-- Dataset excerpts --

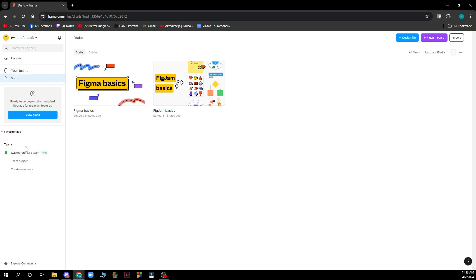Here you have your theme. So basically it's my theme project. I can go and create another one. And in the top right corner we have the design file where you can design. We have the import and the plus Figma jam board.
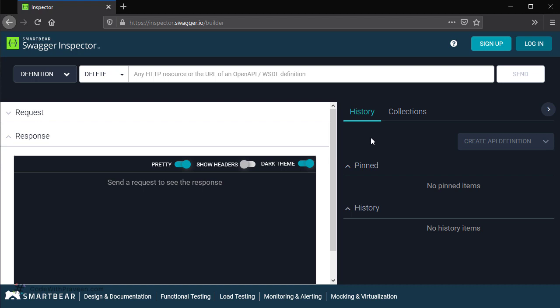Finally, at the right hand side, we have a couple of sections related to storing the history and making collections. In the history tab, it is going to show you the list of APIs and operations that you have executed. Since we have not executed any operations so far, currently it is blank. Finally, we have the section at the top in order to sign in. The advantage of signing in is that it is going to store all the histories that you have done, and you can also create new API specifications out of those APIs. All those will get stored under your account.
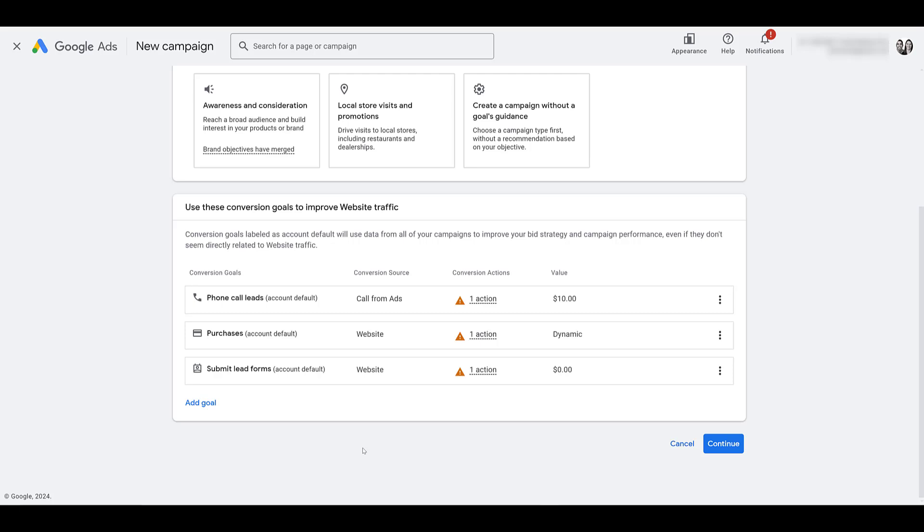And this is why I chose website traffic specifically. To run video action campaigns, you have to have conversion tracking set up. And I'm not going to talk about conversion tracking in this video. It's pretty straightforward. If you're running sales, you're tracking purchases and revenue, most likely you already have that set up. Leads, again, pretty straightforward. You're tracking form fills, phone call actions, most likely you have that set up.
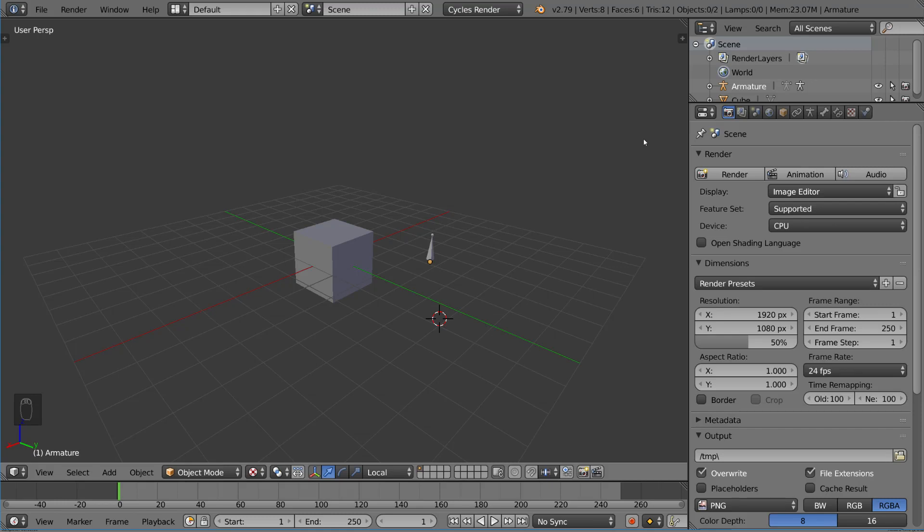I'm going to show you another subset of constraints known as the tracking constraints. These have a variety of different uses, but mostly it's just a point-at constraint. You're able to get an object to rotate so that one of its sides is pointing at the object of interest.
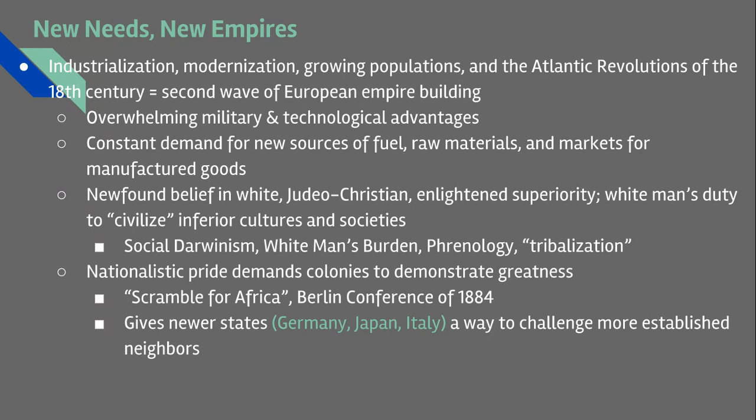As industrialization expands and consumer goods and consumer markets get more varied, new raw materials become the key products everyone is searching for — things like rubber for car tires and insulation.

-- Task directions --
Output nothing but an exact retyping of the material, pictures excluded.

-- Reply to the task --
Here you have your theme. So basically it's my theme project. I can go and create another one. And in the top right corner we have the design file where you can design. We have the import and the plus Figma jam board.
Finally, at the right hand side, we have a couple of sections related to storing the history and making collections. In the history tab, it is going to show you the list of APIs and operations that you have executed. Since we have not executed any operations so far, currently it is blank. Finally, we have the section at the top in order to sign in. The advantage of signing in is that it is going to store all the histories that you have done, and you can also create new API specifications out of those APIs. All those will get stored under your account.
And this is why I chose website traffic specifically. To run video action campaigns, you have to have conversion tracking set up. And I'm not going to talk about conversion tracking in this video. It's pretty straightforward. If you're running sales, you're tracking purchases and revenue, most likely you already have that set up. Leads, again, pretty straightforward. You're tracking form fills, phone call actions, most likely you have that set up.
I'm going to show you another subset of constraints known as the tracking constraints. These have a variety of different uses, but mostly it's just a point-at constraint. You're able to get an object to rotate so that one of its sides is pointing at the object of interest.
As industrialization expands and consumer goods and consumer markets get more varied, new raw materials become the key products everyone is searching for — things like rubber for car tires and insulation.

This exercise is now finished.